The main aim for this sprint was to include Tesseract into the web app. This really does tie up the application and make it a valid bit of software for an end user.

Tesseract Integration

With the initial epic-story of just been “integrate Tesseract into the system” I thought that was far too big of a task to estimate to complete. As a result I split the epic-story down into two stories: “As a user, I want to be able to have automated suggestion of meta data from the image, so that I can know what to tag.” and “As a developer I want to integrate tesseract into the application, so it can read information from a note”. This gave me the clear distinction of actually getting Tesseract to work within the application and the other story for displaying content to the user.

One of the first things to do this sprint was to implement the pre-processing script which I made to binarise the image. This was implemented into the upload route so that it converts the image to a tiff file, before running the Tesseract from it.

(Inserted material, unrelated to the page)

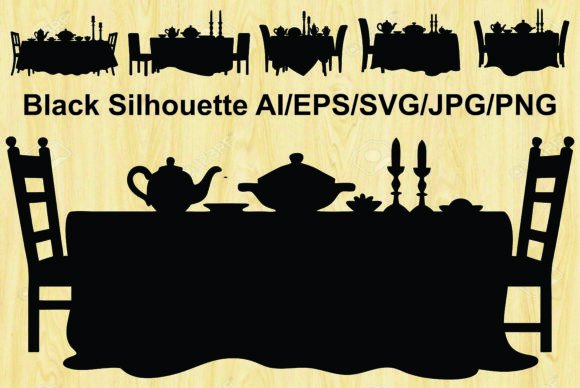Table & Chair Silhouette Vector Set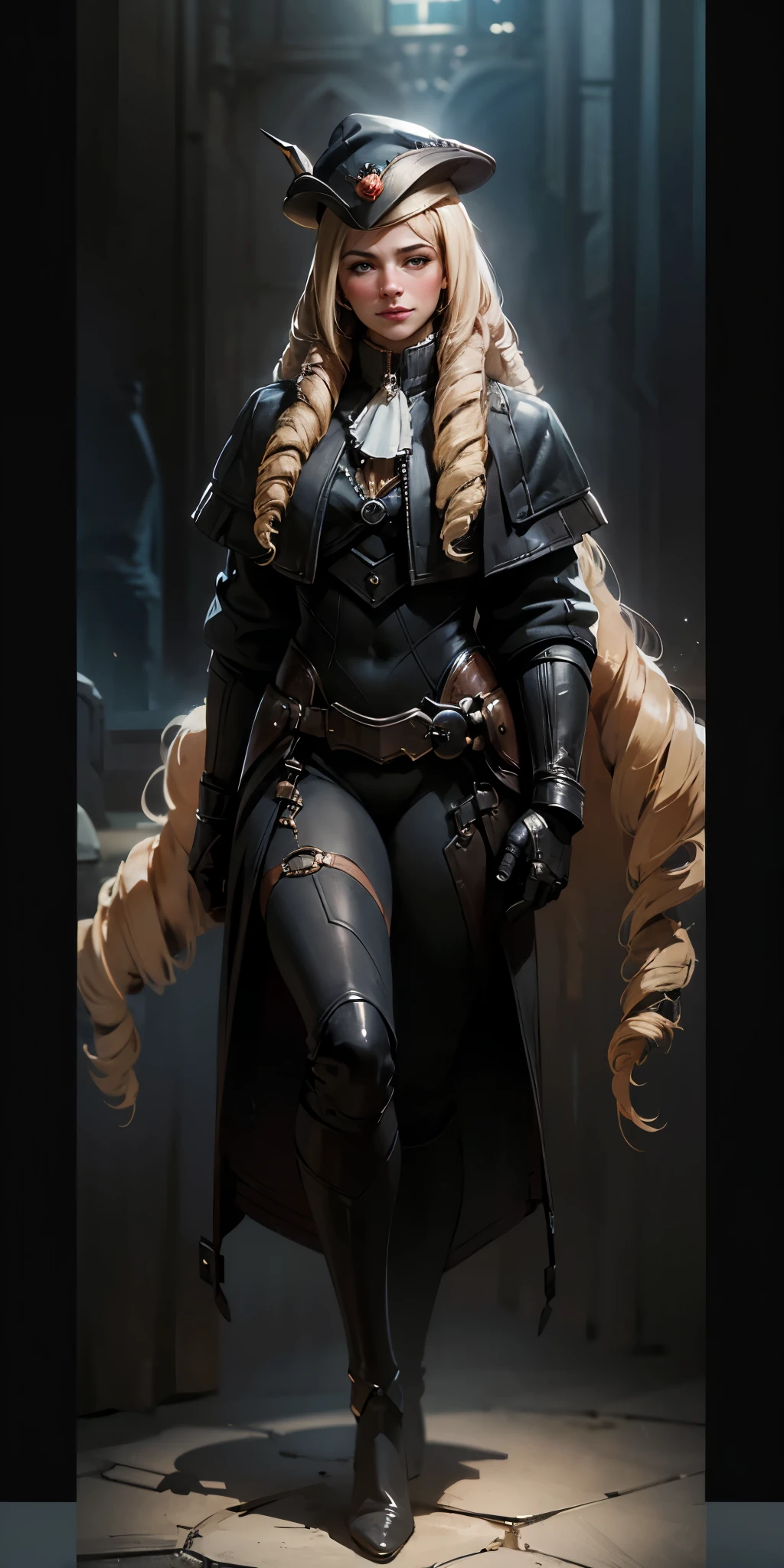 (4k, ultra high resolution, Prominence in Masterpiece, High Quality, Best Quality: 1.2) full body, 1 female, solo, 1girl, 1woman, lustful smirking smile blush, looking at viewer, sitting, blonde hair, long hair, (black jacket), beautiful and detailed face, detailed eyes, looking at the viewer (grey theme) close jacket (aesthetic clothing) hands on hips, wide hips, blonde long hair, blonde drill hair, blonde twin drills hair, blue wizard hat, Handcuffs on their hands, With a collar around the neck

I discovered that the Tesseract command line does not give you the ability to get the confidence scores directly; the C++ API does give you that functionality, however.

This ruled out writing my own wrapper for the tool without using the C++ library. However, I found this awesome library which would output the confidence score for each word identified. I investigated the tesserocr library and found that this was suitable. Other libraries were available but they offered basic functionality for Tesseract and not outputting the confidence scores I wanted.

I integrated this library into the application, and immediately thought of an issue: I need to constrain the notes so that they’re consistent every time. Therefore it was decided that the first 3 lines of the image were to be the module code: title, date and lecturer. This would be the meta-data parsed from the image.

After collecting the confidence score, I created a threshold for the values and returned whether they should be green, orange or red. The colour of the text indicates how confident Tesseract is that it’s the word it’s detected. This now resulted in Tesseract being fully included in the system, with colour codings on word confidence.

Confidence Tesseract Output

Logout functionality

One aspect of the system I found that I was missing was a logout functionality. I had the sign in with Google sorted, but no sign-out. This was amended when I added a logout route and checking if the user id is in the session. If this route is hit then it will remove the user id and all of google credentials and they would have to tart again.

Fixing things

I had to fix an issue with the timezone from a calendar event. Originally, I thought the issue was the comparison of the event summary when comparing module codes - but investigation showed that it was a timezone issue. This has now been fixed.

I added some user experience features such as a datepicker and a timepicker. The default jQuery datepicker was used and a this timepicker was used. It required a large modification of all the tests and routing.

A series of validation was added on both the client and server side when interacting with the form. HTML5 required fields were used and having previously used the pattern attribute, I went and tried to create a REGEX to avoid empty spaces in the input box. On the server side error catching was implemented and then sent to the user on the page to show any errors; the system feels a lot more robust now I have added these checks.

Fixed an issue of every time a user logged in it would create a new user row - which is wrong. I added find or create functionality so now the user logging in with the same google email address will see their same notes.

Along with the log out route I fixed the invalid grant that than happen when the token expires in the session and that is used to try and connect to Google. This has happened a couple of times so this has now been fixed.

Finally, I have redesigned the website gave it all consistent stylings and made the information more accessible and easier to see. Additionally, it should be responsive now too.

Redesign of Tesseract confidence
Redesign of App

Things which went well

Things which didn’t go so well

Things which I intend to do better next sprint

What to do this sprint

From some pre-beta comments from both my supervisor and a couple of peers, I will be implementing a click on the tesseract information and it will populate the text boxes for you automatically.

I will also be looking at when you edit the meta-data it will update the calendar item and put the new item in the updated date’s calendar item.

Then more of the report :)